*** Opening of Source material ***

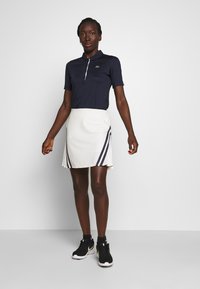 Polo shirt blu navy con colletto, gonna bianca con strisce blu navy e scarpe da uomo nere. Tessuto morbido e design aderente.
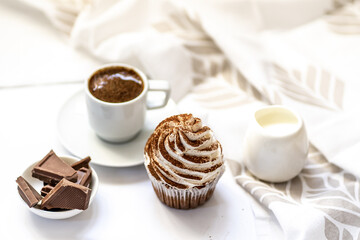 Black coffee with cupcakes and muffins. Spice cupcakes with creamcheese frosting decorated with a cocoa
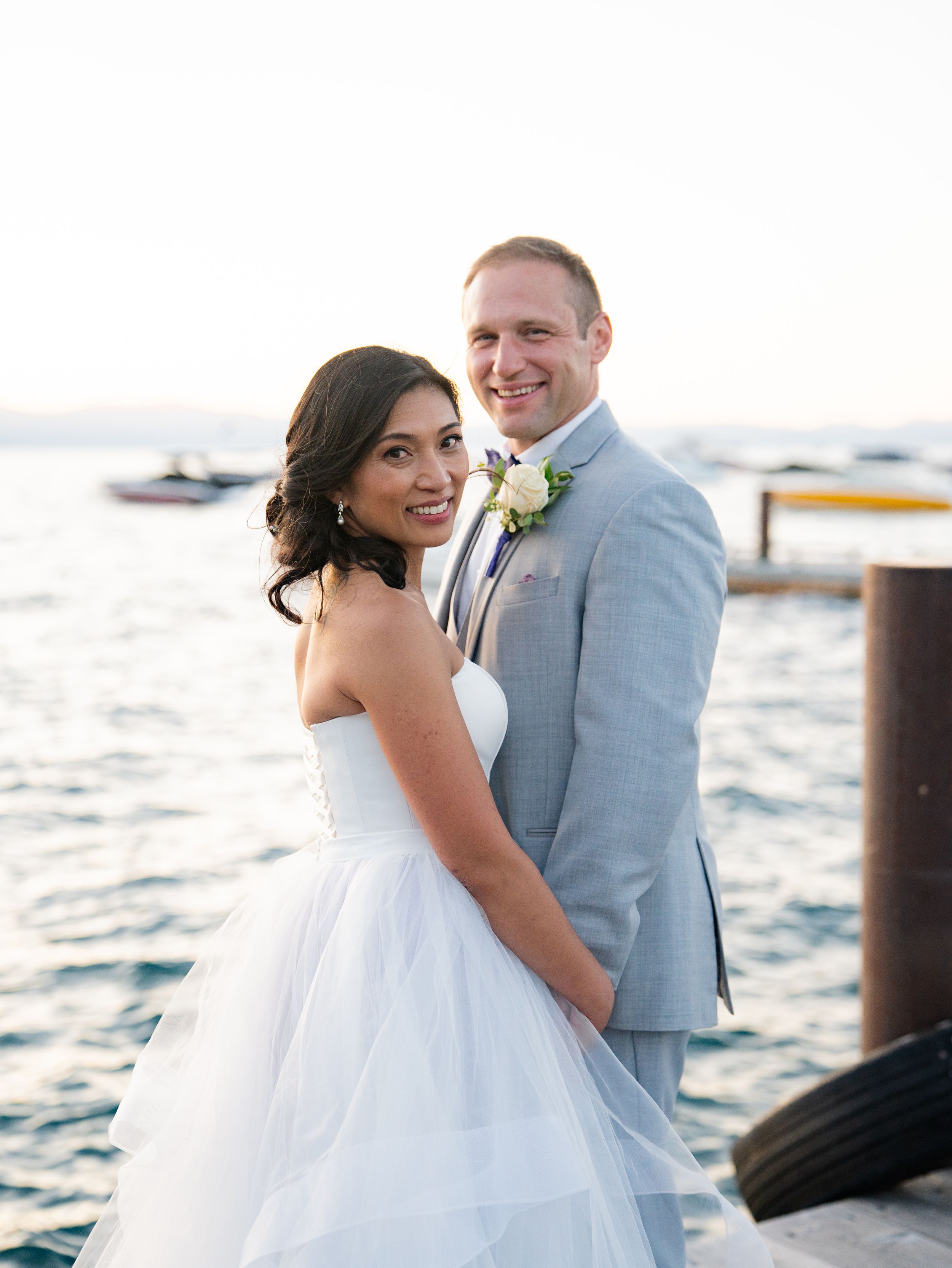 A bride and groom share a romantic moment by the waterfront with boats in the background at sunset.
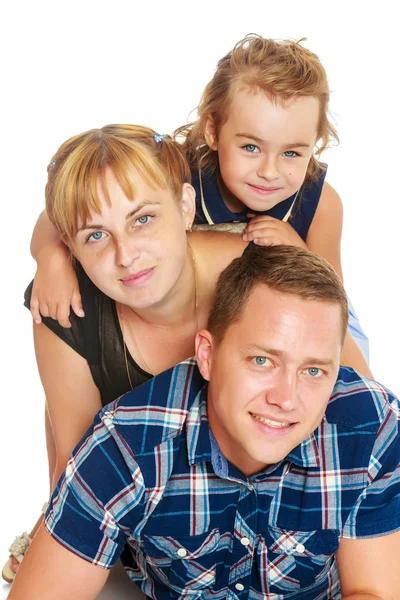 Mother and daughter sitting on dads back. Stock Photo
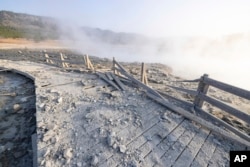 This photo released by the National Park Service shows a boardwalk damaged by a hydrothermal explosion at Biscuit Basin in Yellowstone National Park, Wyo., July 24, 2024.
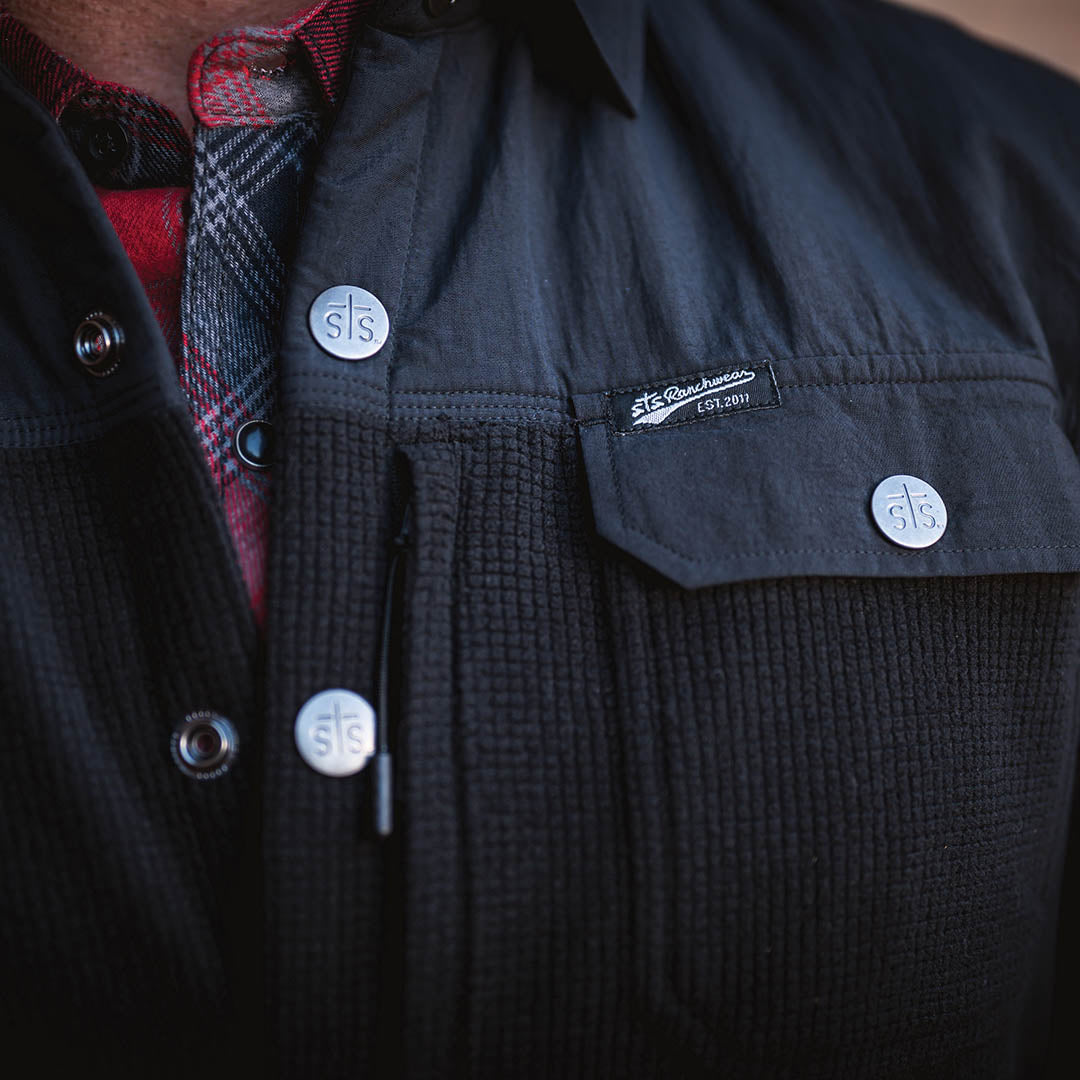 Front closure buttons with STS stamped on them on the front of a black button up shirt.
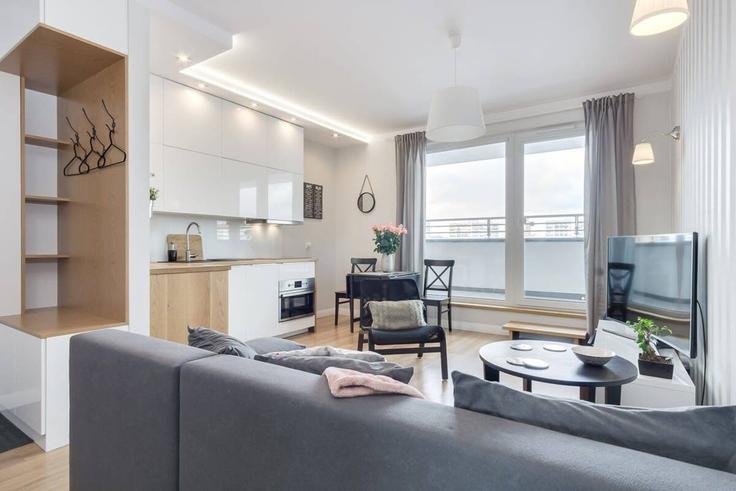 Salle de séjour élégante avec mobilier moderne dans un appartement à Building Powstańców Wielkopolskich - elite-apartments - 1319988 à Gdańsk, Gdańsk Salle de séjour élégante avec mobilier moderne dans un appartement à Building Powstańców Wielkopolskich - elite-apartments - 1319988 à Gdańsk, Gdańsk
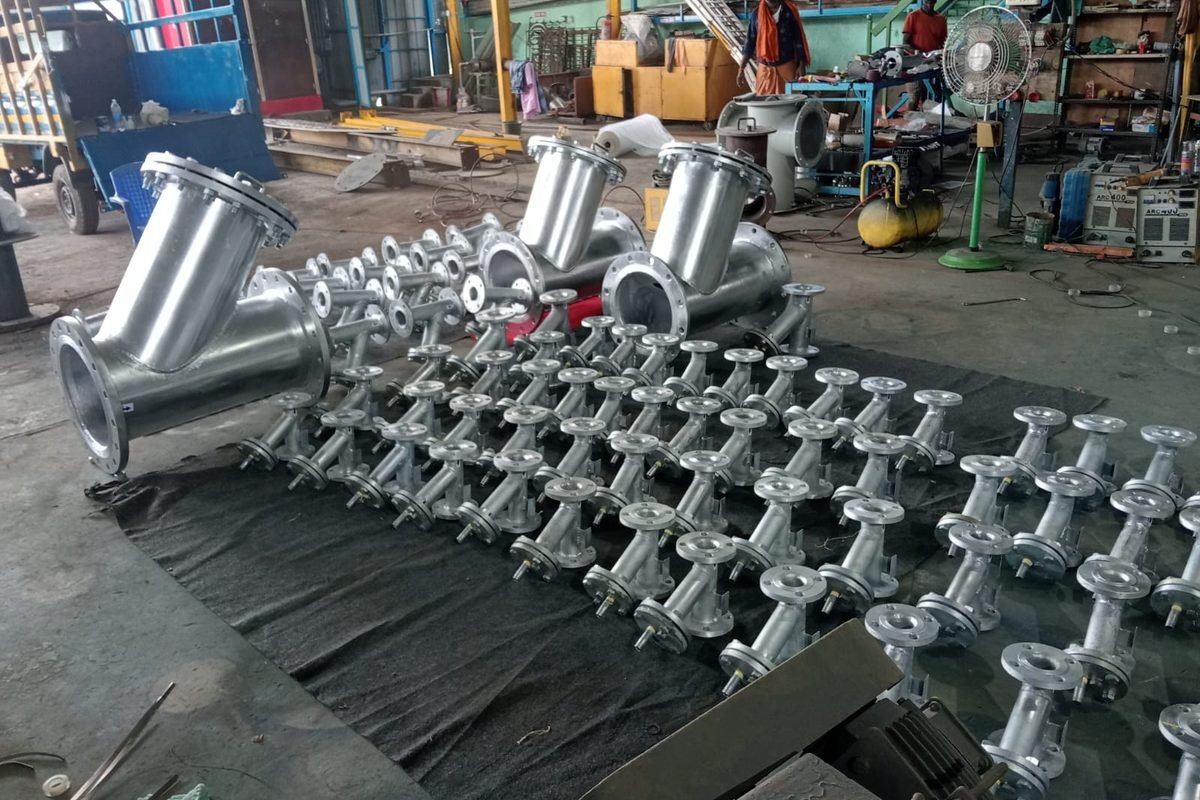Stainless steel Y-strainers and basket strainers side by side after fabrication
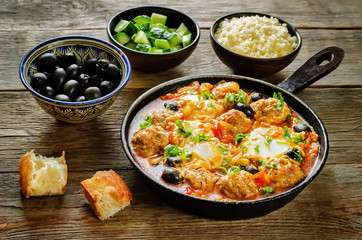 meatballs with olives and egg in tomato sauce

*** Close of Source material ***

__Task goal__: Your response should consist solely of the lines from the line with "Gdańsk, Gdańsk Salle" through the last line of the entries above, printed exactly and without pictures.

__Response__:
 Salle de séjour élégante avec mobilier moderne dans un appartement à Building Powstańców Wielkopolskich - elite-apartments - 1319988 à Gdańsk, Gdańsk Salle de séjour élégante avec mobilier moderne dans un appartement à Building Powstańców Wielkopolskich - elite-apartments - 1319988 à Gdańsk, Gdańsk
Stainless steel Y-strainers and basket strainers side by side after fabrication
 meatballs with olives and egg in tomato sauce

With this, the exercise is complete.